▶ [Data below]

************

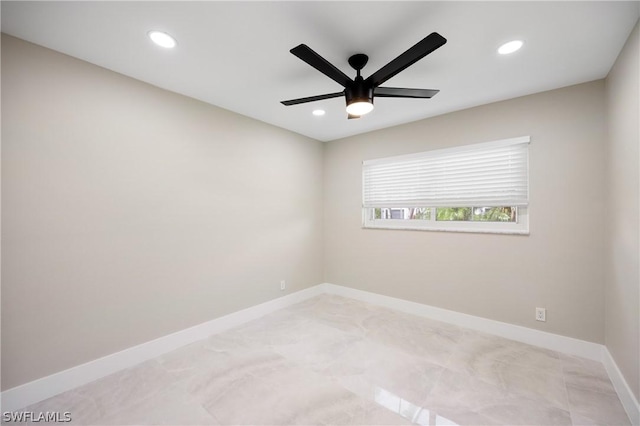 spare room with recessed lighting, baseboards, and ceiling fan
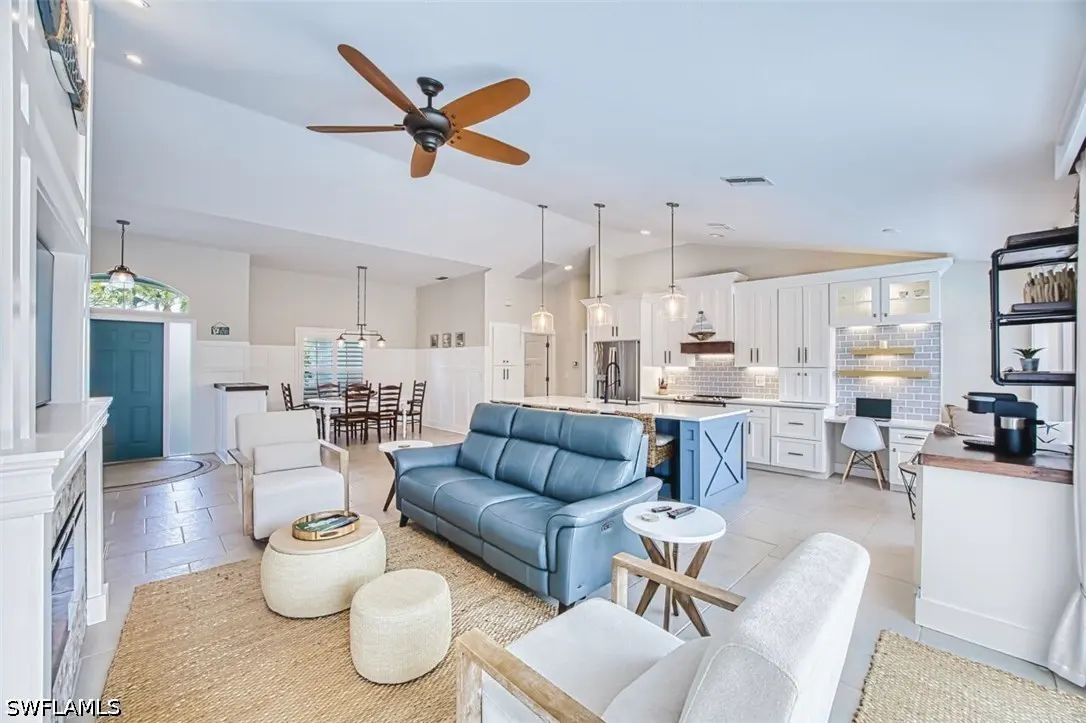 Open-concept living space with blue leather sofa, white chairs, kitchen island, and dining table.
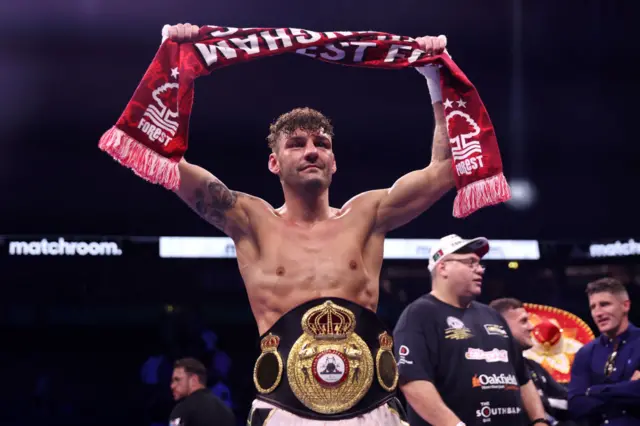 Leigh Wood holds up a Nottingham Forest scarf as he wears his WBA featherweight belt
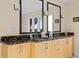 Bathroom with double sink vanity, black granite countertops, and stylish fixtures at 2238 Catesbys Blf, Seabrook Island, SC 29455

************

▶ [Task instructions] Could you return the entire listing above verbatim while dropping each picture?

▶ [Written response]
 spare room with recessed lighting, baseboards, and ceiling fan
 Open-concept living space with blue leather sofa, white chairs, kitchen island, and dining table.
 Leigh Wood holds up a Nottingham Forest scarf as he wears his WBA featherweight belt
 Bathroom with double sink vanity, black granite countertops, and stylish fixtures at 2238 Catesbys Blf, Seabrook Island, SC 29455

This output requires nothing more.